Strapped for cash and waiting out the United States immigration process for family in the Philippines, Collin realized he needed a “rare unicorn” of a job. His job had to be remote, complicated, and something you could make a decent living off of it. As a US veteran, he began searching VET TEC-eligible programs. “Sabio was at the top of the list as one of the preferred program providers for VET TEC.” And since Collin had the good fortune of being near a small cell tower in the remote town Alicia Bohol, he was able to complete the entire Sabio Coding Boot Camp with a “little mobile router.”
Sabio was a grind for him but what made it unique from other boot camps was the culture of the program. “This program is not just teaching you languages. It's showing you the mentality and the person that you need to be in the software engineering world to be successful.” So if you’re a self-taught person who thinks learning to code is something that can be forged through YouTube videos and blogs, think again.

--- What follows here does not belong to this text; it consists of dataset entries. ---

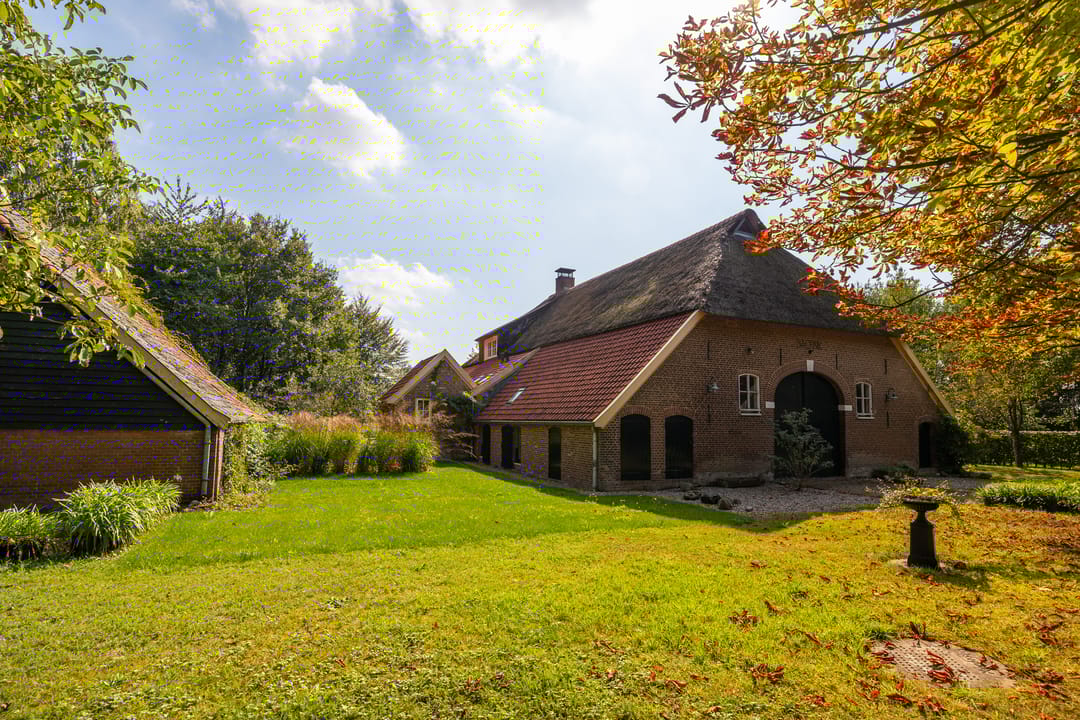 Foto 56 van Whemerweg 29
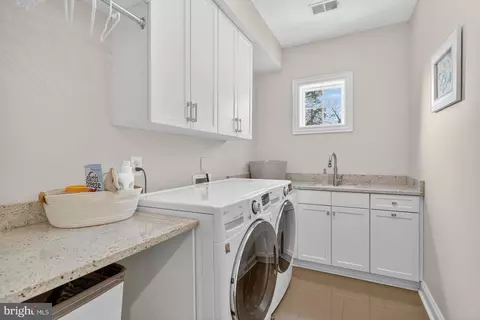 Other - 1420 Kurtz Rd, Mclean, VA 22101 photo 3 of 11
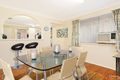 Property photo of 11 Gibbon Close Thornton NSW 2322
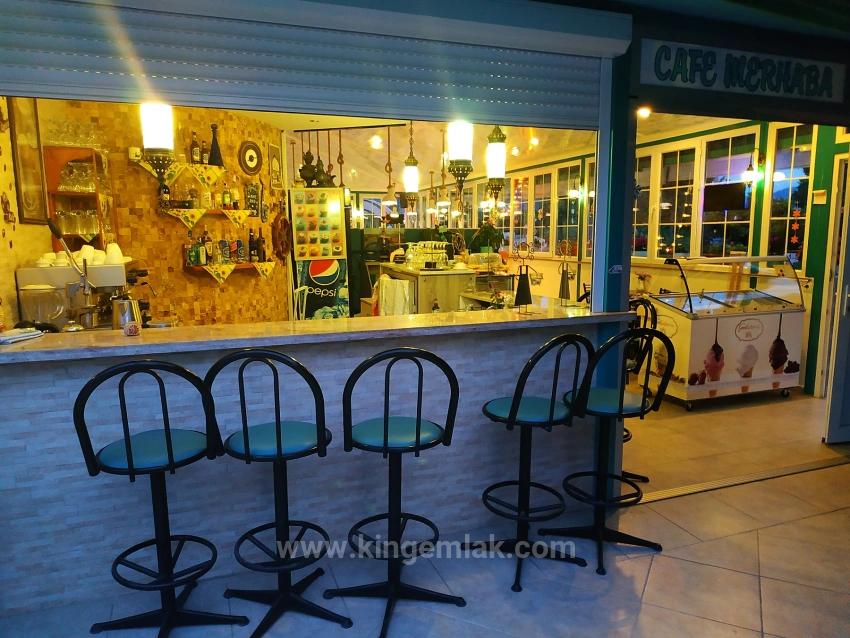 Популярный Отель В Дальяне Продается По Фантастической Цене – Уникальная Возможность Для Инвесторов Из Стамбула.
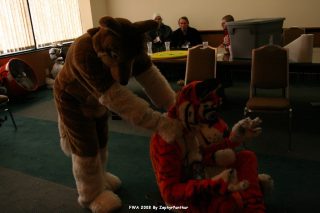 IMG_1129.jpg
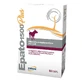 Epato 1500, supplement, doos x 32 tabletten x 1500 mg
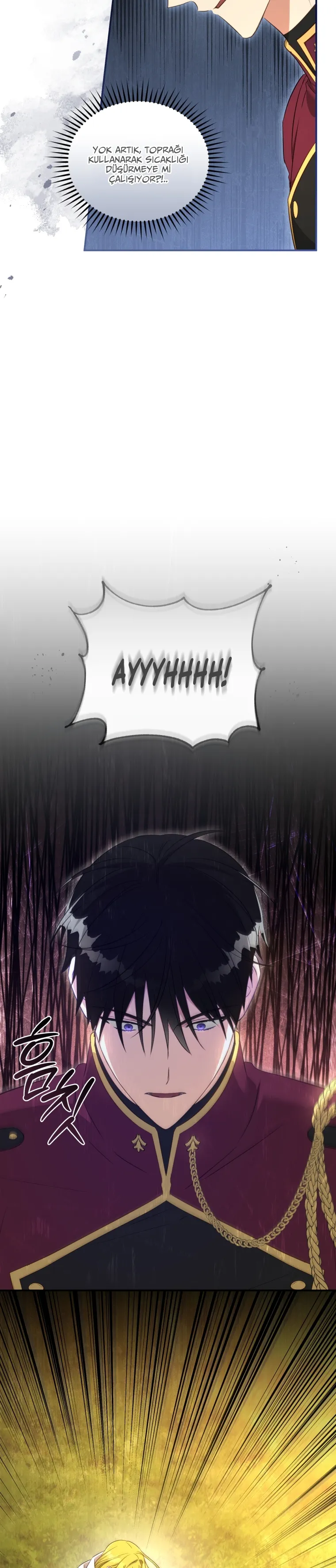 NzAxSzQ2TjIwVkdYRzZGMw.GBhZU
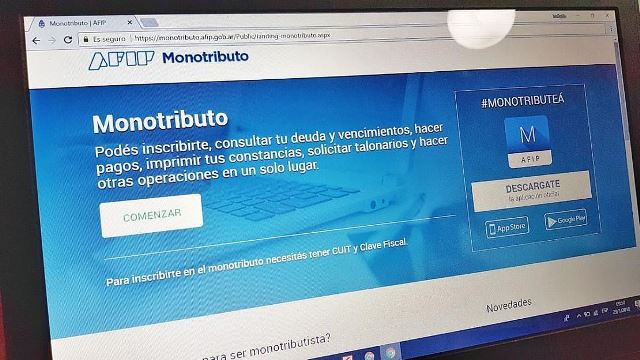 06-07-20 CREDITO AFIP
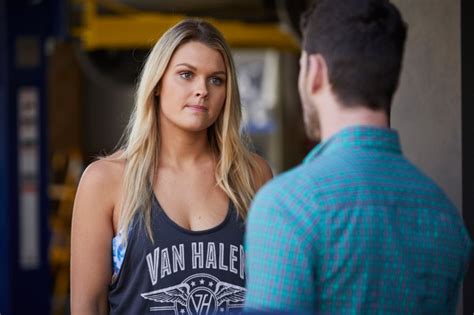 home and away spoilers brody has devastating news for ziggy soaps metro news
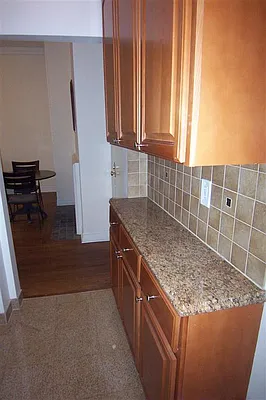 Rented by Susan Finkel, LREB | media 35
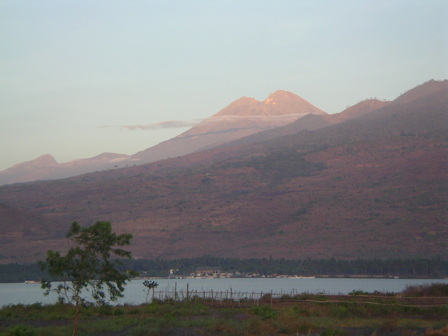 IMGP0703.JPG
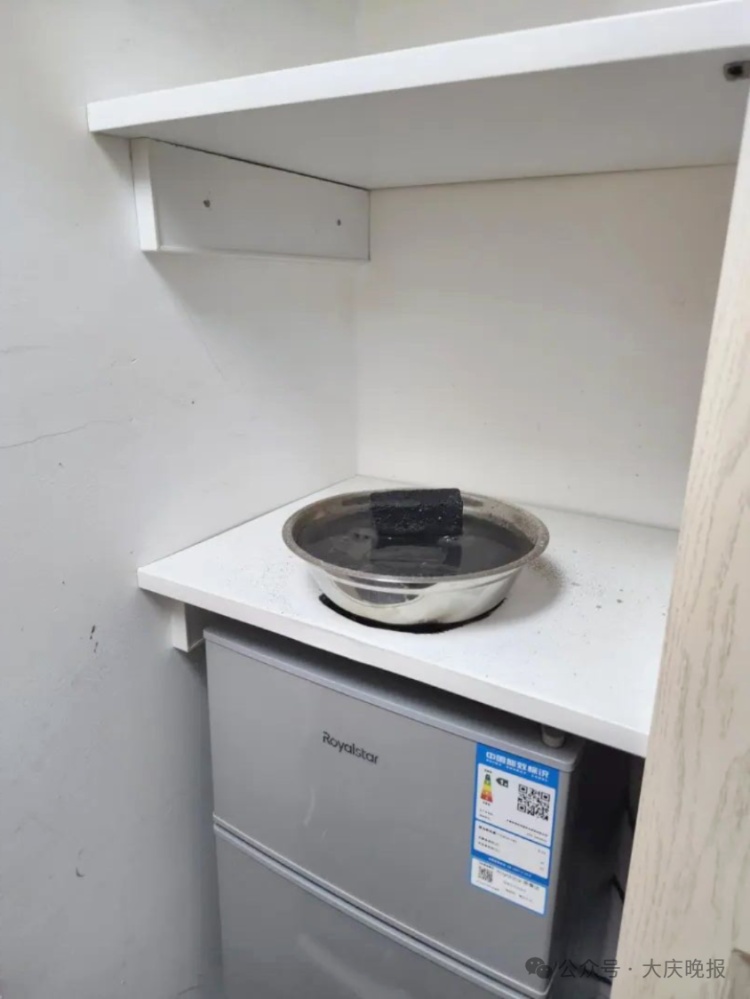 万分危急！警方“智救”19岁轻生男子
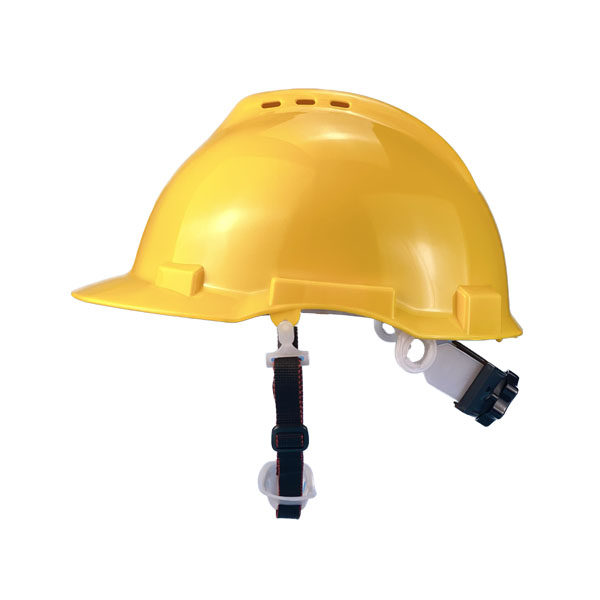 P101024PER透氣工程帽(黃)外側(鬆緊旋鈕) 600-600 20230311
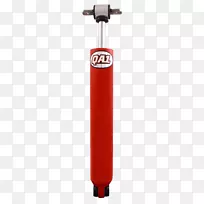 激波管筒料QI-1精密产品公司-冲击安装-空若网 激波管筒料QI-1精密产品公司-冲击安装-空若网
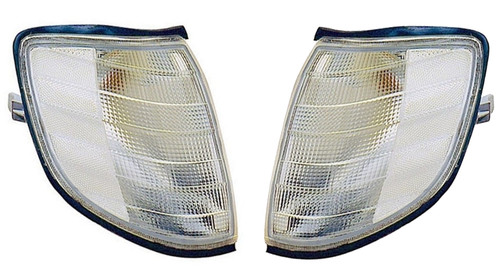 Frontblinker set für - set,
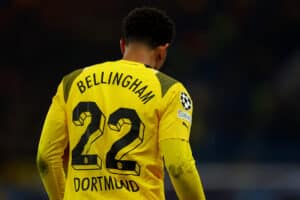 dortmund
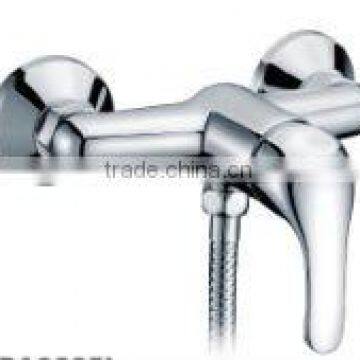 Shower faucet CE certificate Item NO.HDA0225L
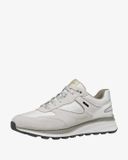  Giày Sneakers Nam GEOX U Spherica Actif X1 B Abx A 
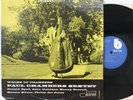 Paul Chambers Sextet LP “Whims Of Chambers”   Blue Note 81534   VG++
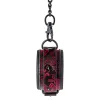 Aproces Dream Toys Blaze Sarkans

The culture of Sabio, the “spirit of the program,” is something you can’t get from random, disparate sources.
Upon graduation, Collin made it his full time job to find a job. And Sabio provided him with all the resources he needed. “What Sabio will do is they'll give you a spreadsheet, a blank template type of spreadsheet, and I listed every single job that I applied to.”
As he was casting his net out to a hundred employers a day, he finally started to get bites. “The first job tried to offer me $100,000 pesos a month,” he explained, “which in the Philippines is great money, but in the United States it's garbage. That's like $1,700 a month.” But he used this as leverage for his next job offer. When asked if he had any other offers on the table he responded, “Actually I have an offer in hand right now, but I'm not going to take it because I don't really like it. But if you can offer me over 80, I'll be interested.” The tactic worked and Collin signed on with an awesome Software Company as a full stack engineer for that figure.
The languages he learned at Sabio made him a “unicorn” in the eyes of his employer. “The fact that you have .NET training, that you work with SQL databases and React, we don't find anybody else like you,” his employer told him in the interview. Just like at Sabio, he does twice-a-week “stand ups” with his company, all from the comfort of his home in the Philippines.
Coding is a contact sport, as Collin heard time and again from chief instructor Gregorio Rojas. “If you're going to learn coding, you've just gotta put your hands on the keyboard and you've just got to work through the issues that you come up with.”
This hands-on approach transcended even the remoteness of his actual location and gave Collin the very real result of an 80k-a-year job.
Now, thankfully, the immigration waiting process will not involve worrisome glances at a dwindling bank balance.